| well a friend for school for some reference / stats ...
was trying to grab some or all of
<http://www.indiegogo.com/>
but could not so he asked me to help
I tried could not
now it became more of a personal curiosity and challenge to do it ... to see
why ... how ... please help decipher
life is long ... can learn for the future ...
so
#1 I needed to change my agent to be something like
Mozilla/5.0 (Windows NT 10.0; Win64; x64) AppleWebKit/537.36 (KHTML, like
Gecko) Chrome/53.0.2785.143 Safari/537.36
(else was getting <https://www.indiegogo.com/explore#/browse/landing> )
then I was getting
<https://www.indiegogo.com/distil_r_blocked.html?Ref=/campaign_collections/home-decor-diy-items>
says:
1. You're a power user moving through this website with super-human speed.

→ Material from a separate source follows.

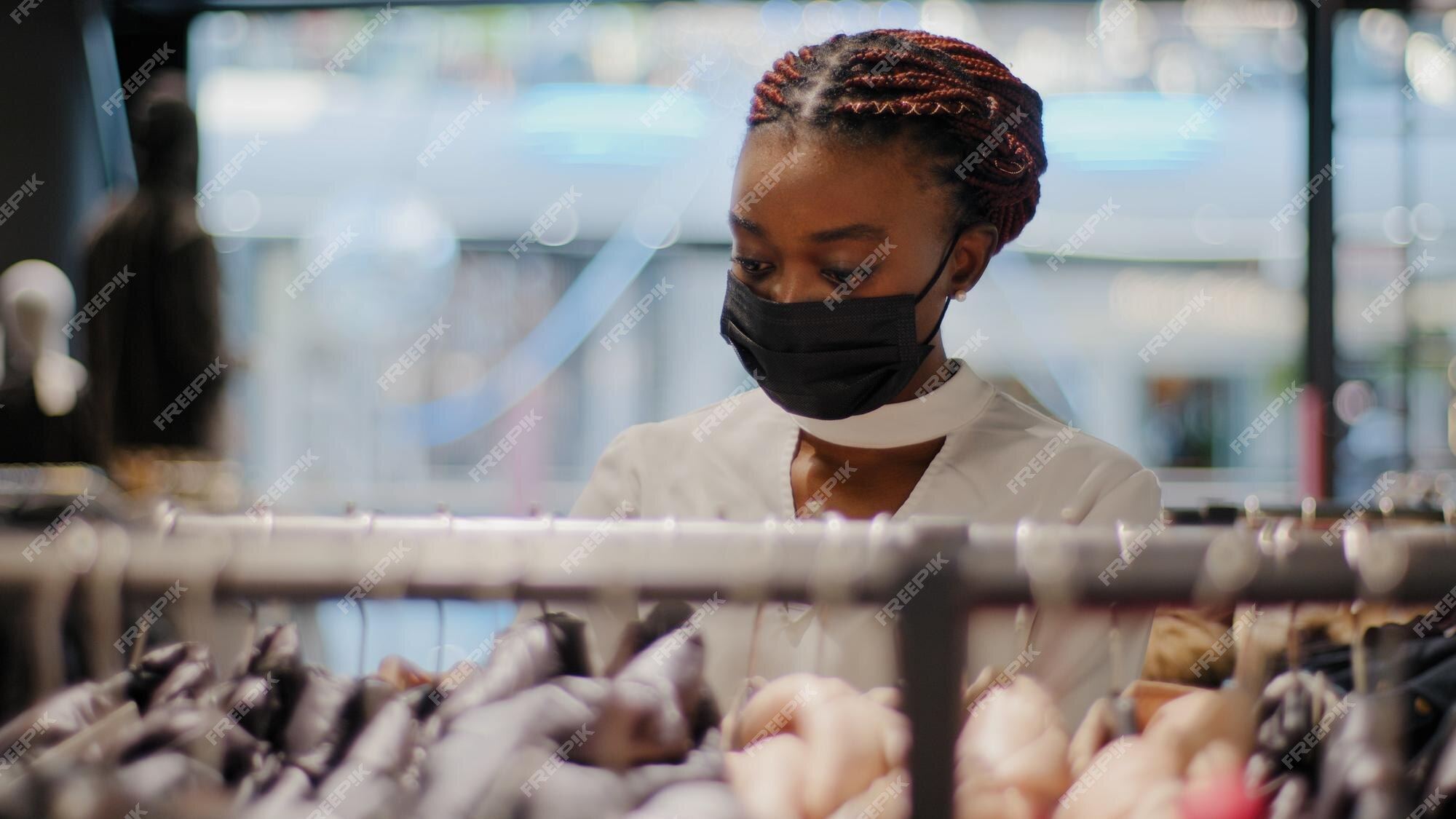 Foto Recortada De Uma Garota Americana Positiva Desfruta De Um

2. You've disabled JavaScript in your web browser.
needed to change the
WinHTTrack projects
Set options > Limits > Max connections / seconds to 0.01
one new connection about every 2 minutes
and
Flow Control > Number of connections TO 1 (and remove check box for Persistent
connections (Keep-Alive)
BUT I am still not able to rip
in about 2 minutes it throws me to
WinHTTrack stops and says it noticed that the mirror is EMPTY
with log showing
... 20:04:39 Error: "File Cache Entry Not Found" (-1) at link
»www.indiegogo.com/distil ··· 15000141 (from »www.indiegogo.com/campai
··· iy-items)
HTTrack Website Copier/3.48-22 mirror complete in 2 minutes 58 seconds : 3
links scanned, 2 files written (37608 bytes overall), 2 files updated [12841
bytes received at 72 bytes/sec], 37608 bytes transferred using HTTP
compression in 2 files, ratio 30%
(1 errors, 0 warnings, 0 messages)
hmmmmmmmm
I notice that if I go to <https://www.indiegogo.com/>
in say Chrome
and right click on any link and select
Save Link As
it saves the HTML as I want it
how can we do it with WinHTTrack? what settings need to be changed?
ONE LEVEL DEEP would be good enough
even maybe giving it a list of exact links to download - how?
OR as an alternative
hmm what other website ripper can I use successfully?
or what Chrome site ripper could be used?
thank you so much looking forward to an interesting discussion ... thank you | |